You wake up in the morning with a message from him. Him being your rock. Him being your ‘other half’ as they say. You smile as you read his message, which happens to be one full of motivation. Wishing you a great day. Setting out a few goals to help give you the extra push you need to stay on track and keep on keeping on. You lucky lady you. There’s a ‘Sex and the City’ episode, where Samantha says that the testament of a relationship is whether you’re like this more (insert smile here), or like this more (insert frown here). How true that is. If you are not truly happy, motivated and inspired by the person you are with, than why be with them? Relationships are meant to be an asset in your life. A dual greatness shared between two individuals. So are you smiling more, or frowning more?

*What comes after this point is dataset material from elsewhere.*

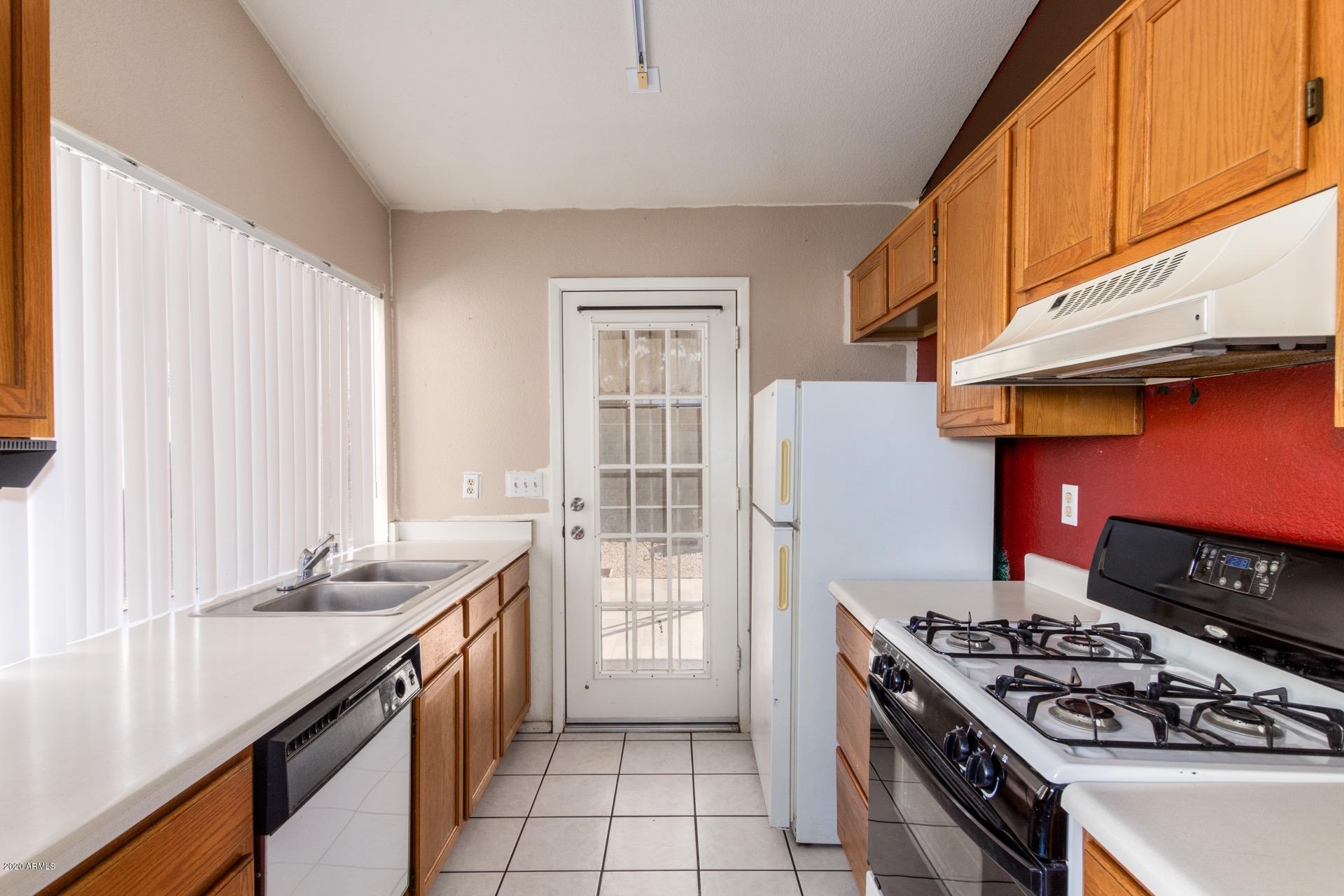 1705 East Carter Road Phoenix, AZ 85042 - Photo 10 of 25 Carter 11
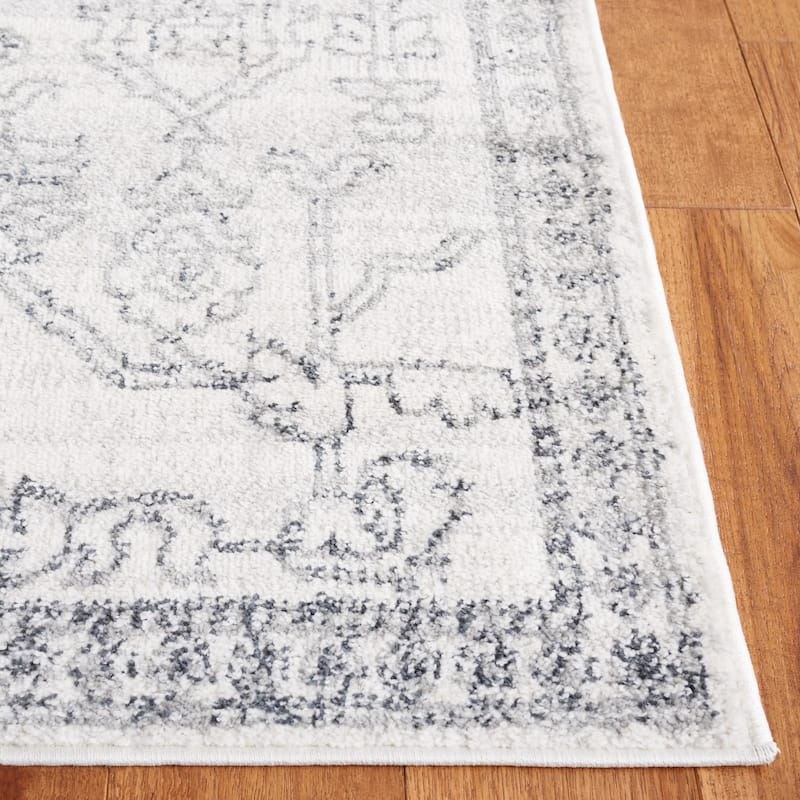 SAFAVIEH Layla Roseanne Shabby Chic Farmhouse Rug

I think back to some of my girlfriends (and dare I say – my own) relationships and have often heard the expression ‘so and so brings out the best in me, but he also brings out the worst.’ At the time, when our raw early twentysomething hearts enjoyed the subtle beats and the aggressive ones, we deemed that the payoffs of high high’s and low low’s were in fact worth it. How naive. How juvenile. If someone brings out the worst in you than that is a clear sign that they aren’t for you. We don’t need to be brought down by another. As humans we do a good enough job at bringing ourselves down with negative thoughts, as we are always our worst critics. Which is why it is so important to find a significant other who brings you up when you are down, instead of one who criticizes you and digs you even deeper.
When we invest ourselves into another, we need to make sure that they add to our lives and us to theirs as well. Are you there for your partner when he needs you? Or instead to you find his concerns dramatic and find yourself trying to avoid discussing them?
We are the only ones who can prevent ourselves from being full, complete individuals and that begins with our decision of who we let into our lives. Leave toxic relationships aside and open yourself up to ones that help you grow. If you haven’t received ongoing support from your partner without even asking for it (as shown in the opening scenario of this piece) then ask yourself whether your bar is set too low.